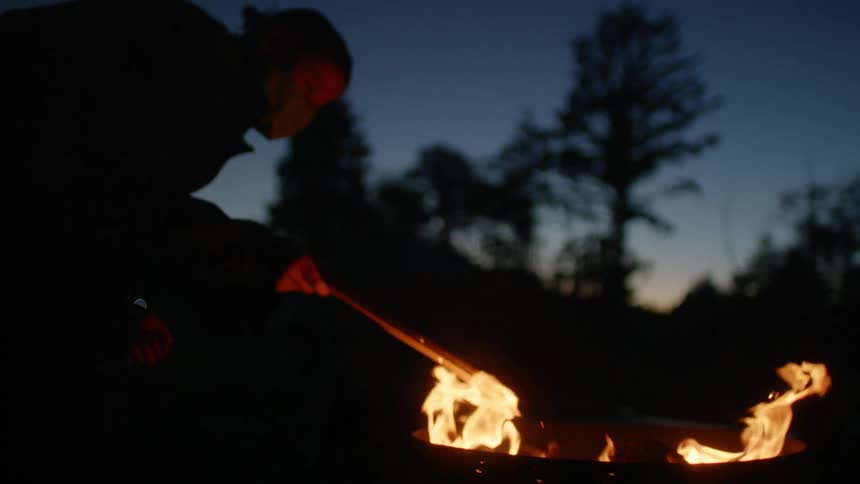 A person wearing a face mask pokes a campfire with a stick at night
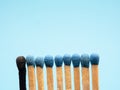 Matches against a blue background, one burned out Royalty Free Stock Photo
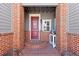 Charming front porch with brick columns and a welcoming entrance at 12092 S Great Plain Ct, Parker, CO 80134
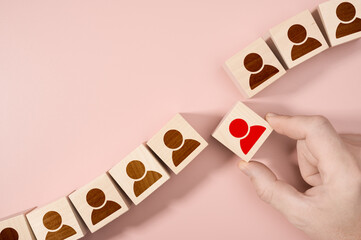 Hand choosing a wooden person block from a set. Employment choice concept. Human Resources Hr...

• [ABOUT THIS TASK]: Nothing but the lines from the one with "Matches against a" up to and including the one with "Charming front porch" should be printed, exactly as they read above. Please keep the pictures out.

• [ANSWER BOX]:
 Matches against a blue background, one burned out Royalty Free Stock Photo
 Charming front porch with brick columns and a welcoming entrance at 12092 S Great Plain Ct, Parker, CO 80134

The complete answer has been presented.